The Knowledge Integration Toolkit or KnIT – which previously predicted unknown protein-protein interactions – is now fully automated without need for human involvement in its function, said researchers from Baylor College of Medicine and IBM Watson Health.
A presentation on the new process will be presented this week at the Knowledge Discovery and Data Mining Conference in Sydney, Australia. The new work is an extension of a study presented last year at the conference that showed KnIT accurately predicted proteins that bind and chemically modify interactions of p53, an important tumor suppressor.
“We built a tool based on IBM’s cognitive technologies that can read the medical literature – over 24,000,000 published and public paper abstracts– and relate papers associated with word signatures in an effort to accelerate our understanding of the functional properties of proteins,” said Dr.
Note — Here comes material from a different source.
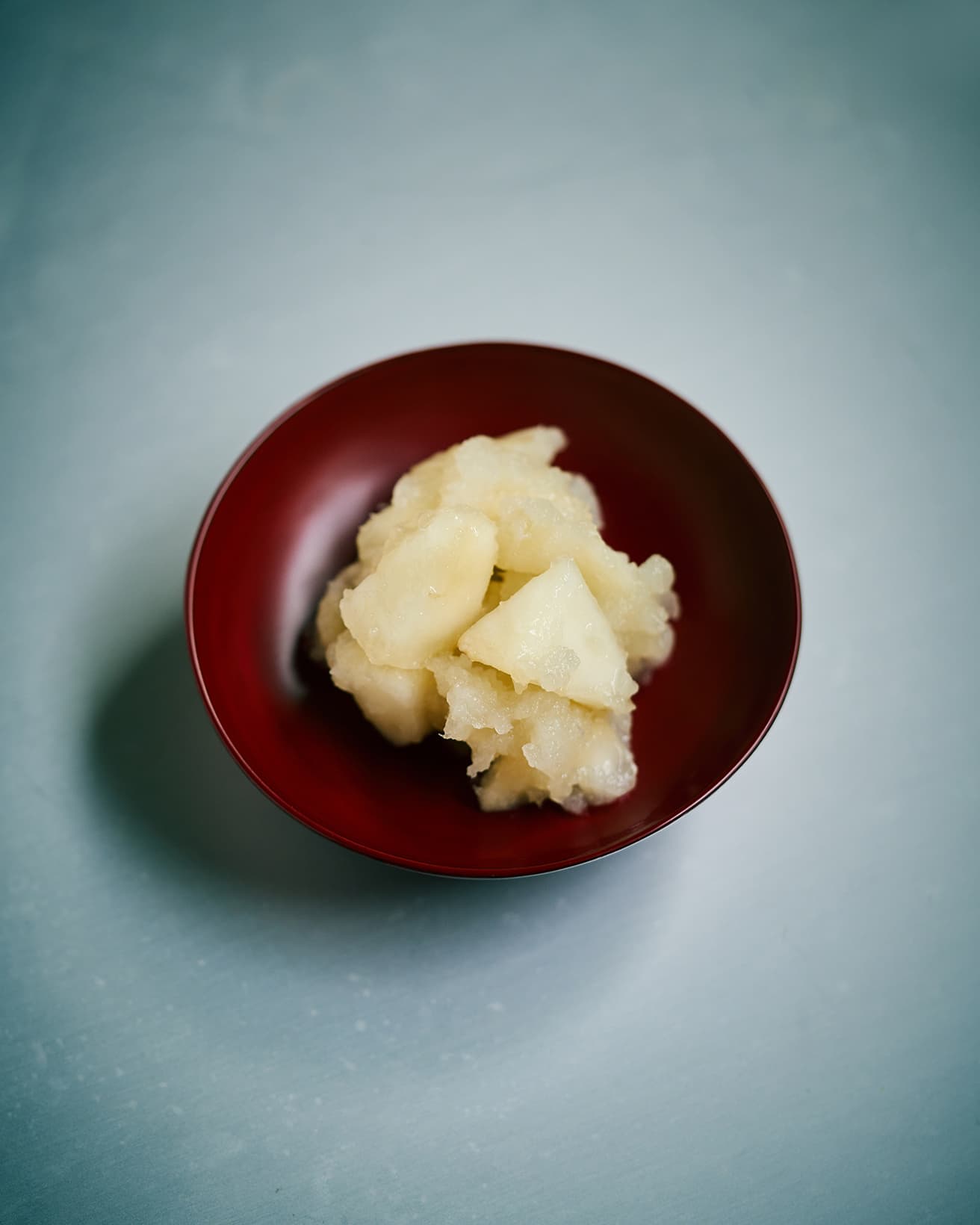 【365日豆皿つまみ】“季節の果物の大根おろし和え”｜11月 按田優子の素材再生つまみ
Olivier Lichtarge, director of the Center of Computational and Integrative Biomedical Research at Baylor and the principle investigator on the study. “This latest study moves much beyond that and goes beyond just p53.”
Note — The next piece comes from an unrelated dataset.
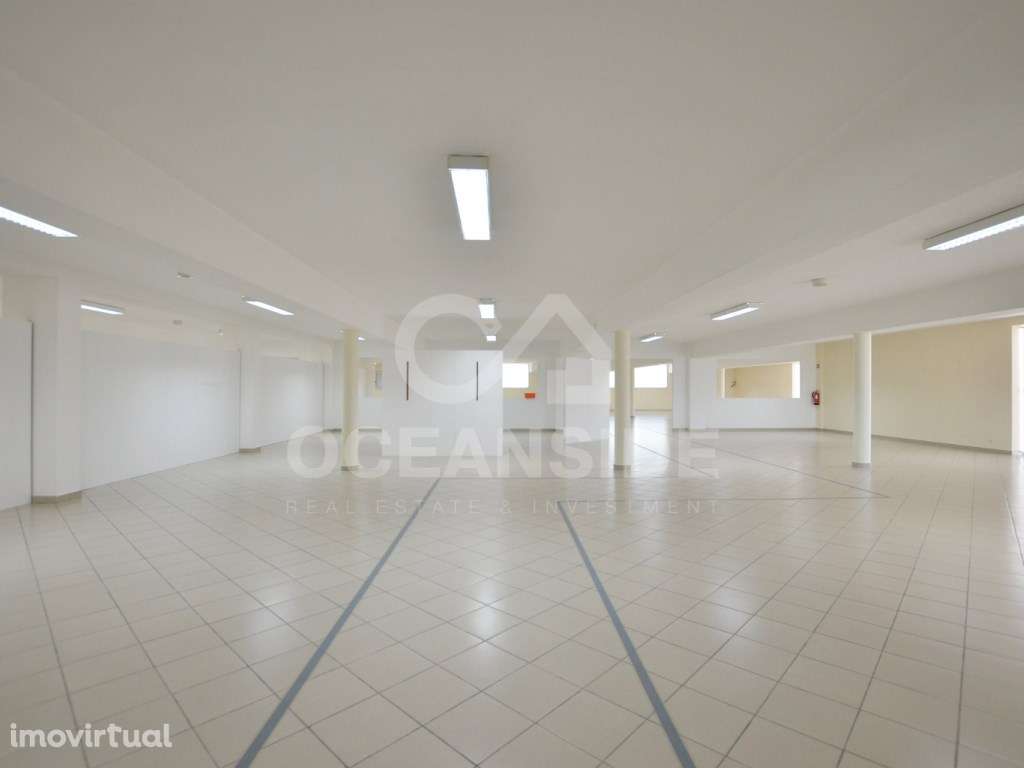 Loja com três pisos na Abóboda - Grande imagem: 5/18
Unlike the previous study, KnIT is now fully automated and demonstrably scalable, according to the researchers, who are now using the technology to target other proteins.
“Our findings validate that KnIT, which is based on IBM’s Watson technology, can make accurate predictions that will eventually help researchers focus lab resources on the most promising areas for discovery,” said Scott Spangler, Principal Data Scientist, IBM Research. “Because the underlying principles and techniques we employed are general, this approach could be applied to a variety of scientific and engineering problems to mine existing knowledge and identify the next frontiers of discovery.”
The tool works by extracting information from the scientific literature, automatically identifying direct and indirect references to protein interactions, which is knowledge that can be represented in network form, the team presented.
It then reasons over this network to predict new, previously unknown interactions, they said.
The accuracy and scope of KnIT's knowledge extractions are validated using comparisons to structured data sources assembled by humans as well as by performing retrospective studies that predict subsequent literature discoveries using literature available prior to a given date.
The KnIT methodology is a step towards automated hypothesis generation from text, with potential application to other scientific domains.
Co-authors on the report include Angela D. Wilkins, Benjamin J. Bachman, Ilya B. Novikov, María E. Terrón-Díaz, Anbu K. Adikesavan, Sam Regenbogen, Christie M. Buchovecky, Andreas M. Lisewski, Houyin Zhang and Lawrence Donehower, all of Baylor; Meena Nagarajan, Shenghua Bao, Peter J. Haas, Sumit Bhatia, Jacques J. Labrie, Linda Kato, Ana Lelescu, Stephen Boyer, Griff Weber, Ying Chen and Scott Spangler, all of IBM and Curtis R. Pickering of The University of Texas MD Anderson Cancer Center.
Funding for this work was provided by the McNair Medical Institute of The Robert and Janice McNair Foundation, Defense Advanced Research Projects Agency DARPA (N66001-14-1-4027), National Science Foundation (NSF DBI-1356569, NSF DBI-0851393), National Institutes of Health (NIH-GM079656, NIH-GM066099), and was supported in part by the IBM Accelerated Discovery Lab.